There is a century-old tree at the end of my street. Right before you get to the graveyard with its wrought-iron gates. That tree saw my grandmother play in the street when she was a little girl. It saw her ride the train to the college, carry groceries in a paper sack. The tree—I don’t know its name—it saw my da walk across town—from school to that house on Broad, when they used to live there. It can see my great-grandfather’s grave right now—it’s tall enough. He built this house in 1921. They say he was a drunk. The floor slants a little and the window frames aren’t square. He built the other houses on our block, too. Before he built them, it was just this house and greenhouses. The greenhouses were filled with roses. The whole neighbourhood used to smell like roses. At some point they used to call this Rose City, even though there’s a meatpacking factory only two kilometres away.
They also say he could multiply long numbers in his head, without any paper. Now this house is holding a different kind of “family”. I can’t even say it’s a modern one. More like a gathering of moneyless relations. Ambitious failures; I sometimes wonder what the house thinks of us. It’s certainly used to the self-help books: Latin; Linux; teach yourself guitar. The trains in this town used to carry passengers. They took my grandmother to the teacher’s college. My da must have walked past this graveyard a thousand times. No, more—maybe even ten thousand. I walk in the graveyard every day. The tree sees me. My favourite is when it’s snowy. Some of the graves announce strange names. A woman named Ruby. She would be 136 now. A man named Reason. Apparently the brothers who lie beneath the massive Romanesque columns at the highest point in the graveyard invented a transport that was used massively during the War. You can see most of the town standing among those columns. Past the roads there’s a small forest, beyond that farms.
I’m thinking about my path
γ(t) versus the tree’s
λ(t). Neither of us can be everywhere at once. We’ve stood at or around the same spot often enough. But every time I’ve gone “adventuring”, I haven’t seen what’s happening in
λ(t). Is the small-town life “worse” than the jet-setter lifestyle? It depends what functional you convolve against
γ(t). I don’t like repetitiveness, but maybe what the tree has seen isn’t so repetitive. Two World Wars. The rise of feminism. A time before plastic, a time before tarmac, a time when white supremacists would parade through the streets. My grandmother recognised someone’s shoes and shouted his surname; her mother covered her mouth. The tree saw her in most stages of life.
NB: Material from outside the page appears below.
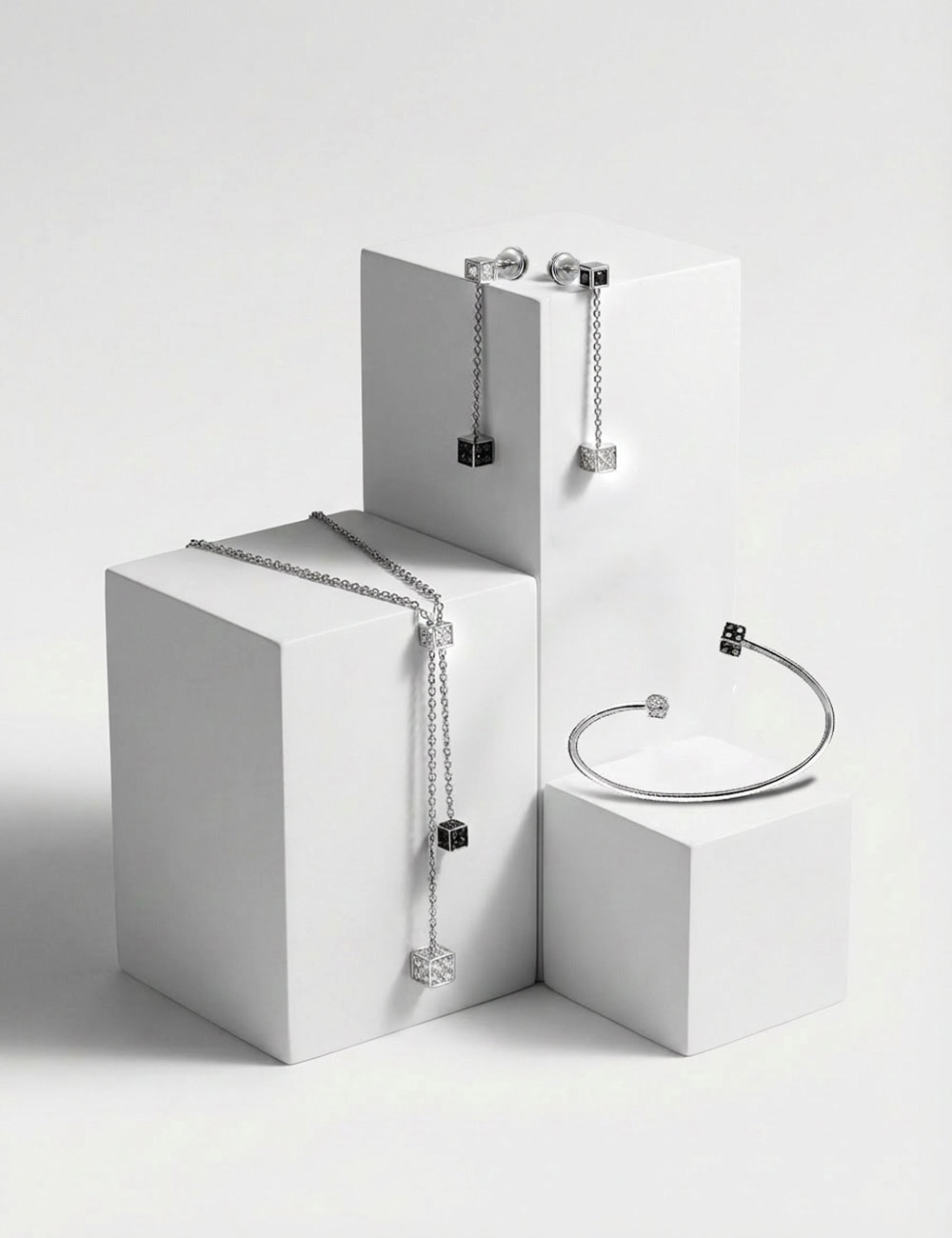 White gold cube jewelry set with black and white diamonds including necklace, bracelet and earrings by D.Bachet.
On we go, hurtling through spacetime. The speed of γ equals the speed of λ. From a galactic perspective the tree and I are whirling in almost the same place — regardless of whether I whisk from here on the earth to there on the earth by plane. I’m bound to the ground, ultimately. The tree just recognises that. People used to wear hats here. Everybody wore hats. Now it’s practically a ghost town except for pensioners and welfare recipients. The tree’s children can’t have blown too far.
Spinning in the same spot on
360° × [−90°, +90°] = ∂(S²×[0,1]). γ torques and twists about the sphere but its length is exactly the same. Does the tree wish λ had summited a mountain at some point? Perhaps, but it would be blown down up there, and the ground is tough and nutritionless anyway. It’s suited to this life.
It bears the snow. It puts up with the heat.
I go inside after a couple hours out of doors, of course. But the tree spends all night, every night facing the elements. Maybe it likes being strong. Digging. Growing big. Drinking in sunlight like an athlete at a water fountain.
I’m more like a tumbleweed, rootless, quick to change course. Hanging out for a bit and then rolling—without announcing a goodbye. Untethered. Free, yet constrained by the same holonomy constraining the tree. One path, and one path only. The same width as all the others.
γ isn’t so much more interesting than λ. My γ is filled with magazines, airports, computer screens. Parties where people say more or less the same things, always indicating the hope that their gradient’s pointing in the right direction.